Bush's Ever Shifting Absolutes

Let Us Count the Lies on the Road to War

A puzzled America watches now as the Bush imperial public-relations samurai try to behead the notion that they were the mongers who planted the vision of a quick and practically painless war. The recorded evidence doesn't help their case.

Their cocky drumroll oratory has been with us for many months. Vice President Dick Cheney, for one, told America that Saddam Hussein's regime was "a house of cards." We could expect the war to last "weeks rather than months," Cheney said just two weeks ago. Every once in a while, the president and his minions would protect themselves with a few words about possible unforeseen complications, but the thumping central message was that the invasion and conquest of Iraq would be easy. The nation was told relentlessly that our technological superiority and complete command of the skies would demolish the dictator like a plaster of paris statue and send Iraqis into the streets by the thousands to hail their liberators.

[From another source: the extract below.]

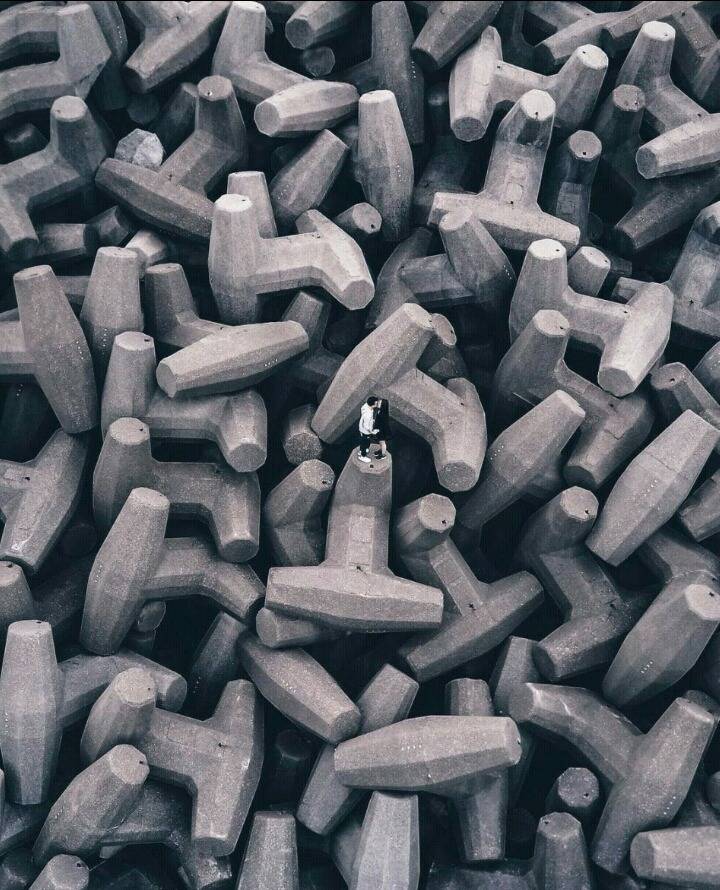 바닷가에서 절대로 해서는 안되는 행동 | 인스티즈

Some or even much of this may still happen—as I write, American units about 60 miles south of Baghdad are reported making early probes at Iraqi forces ringing the capital—but it will not change the fact that this president humbugged and lulled the public into acceptance of war. He has dealt them a shameless series of half truths, erasures of history, allegations without tangible proof, allegations without any proof and just plain stable droppings, the final one being the whopper that the war would be a cakewalk. No war—not even his father's Tinkertoy invasion of Panama City in 1989, where earsplitting rock music was used to try to stun Manuel Noriega (once the CIA's favorite money-launderer and drug dealer south of the border) out of the church building he'd fled into for sanctuary—could be a cakewalk.

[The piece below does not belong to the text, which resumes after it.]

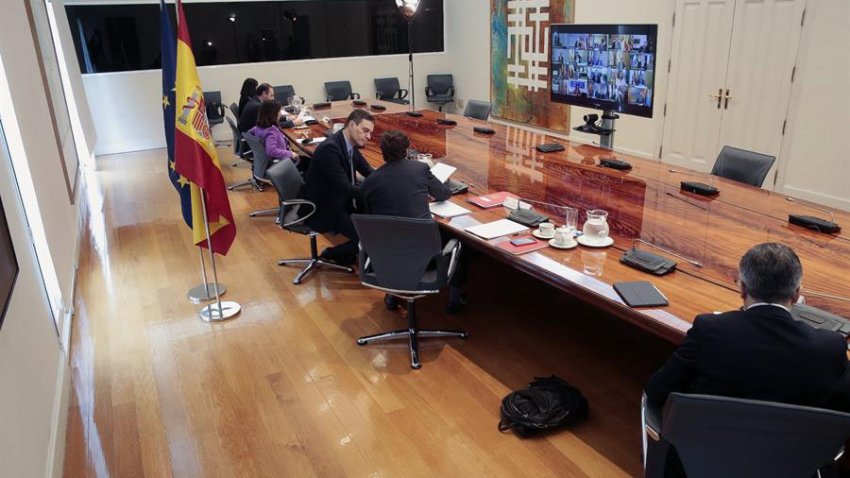 En España preparan medidas para reabrir actividades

Below is a partial timeline of how the White House kept changing its story. Follow the ever shifting, ever absolute bouncing ball.

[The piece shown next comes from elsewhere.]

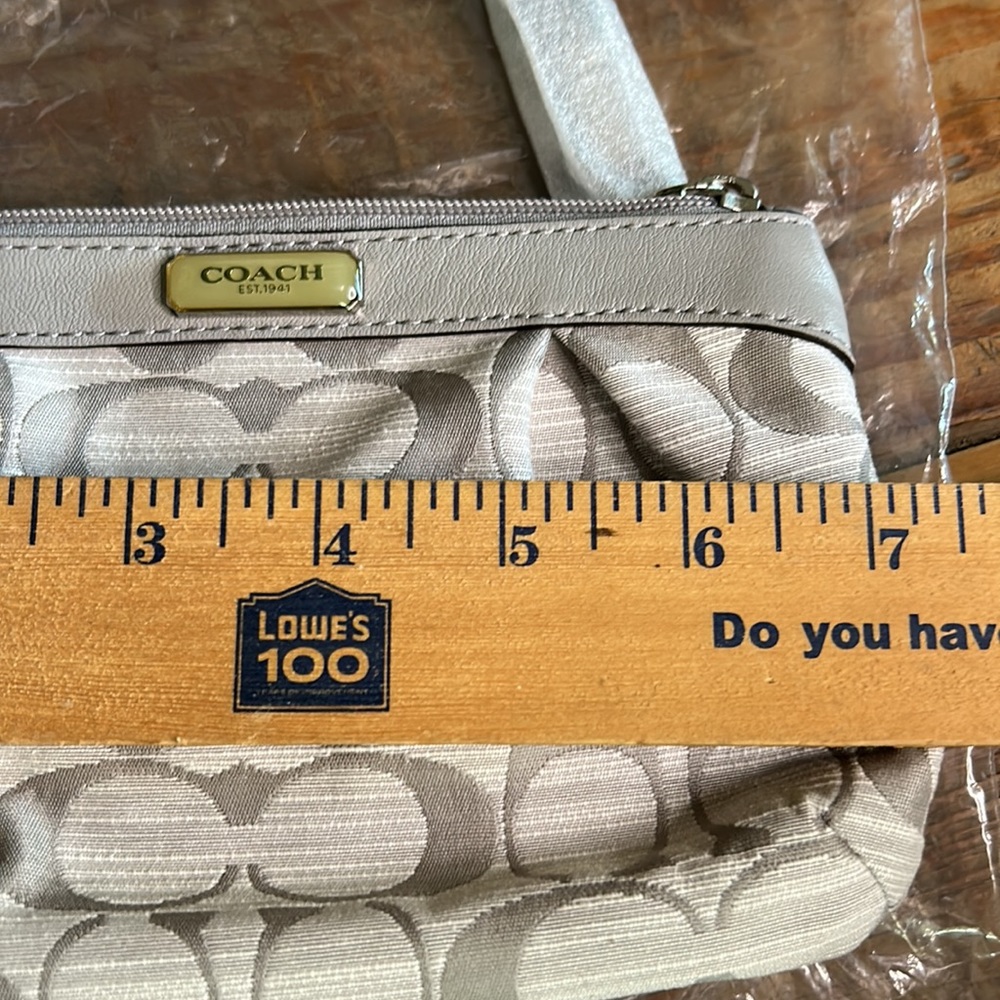 Coach signature medium wristlet BNWT - Picture 9 of 10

On September 11, 2001, terrorists flew three hijacked commercial planes full of passengers into the World Trade Center and the Pentagon. Another hijacked craft crashed in Pennsylvania after passengers revolted. The death toll was roughly 3,000. In the aftermath, U.S. intelligence confirmed that the assault was carried out by operatives from Osama Bin Laden's global terrorist network. No mention was made by the White House or anyone else in the Bush administration of any Iraqi involvement.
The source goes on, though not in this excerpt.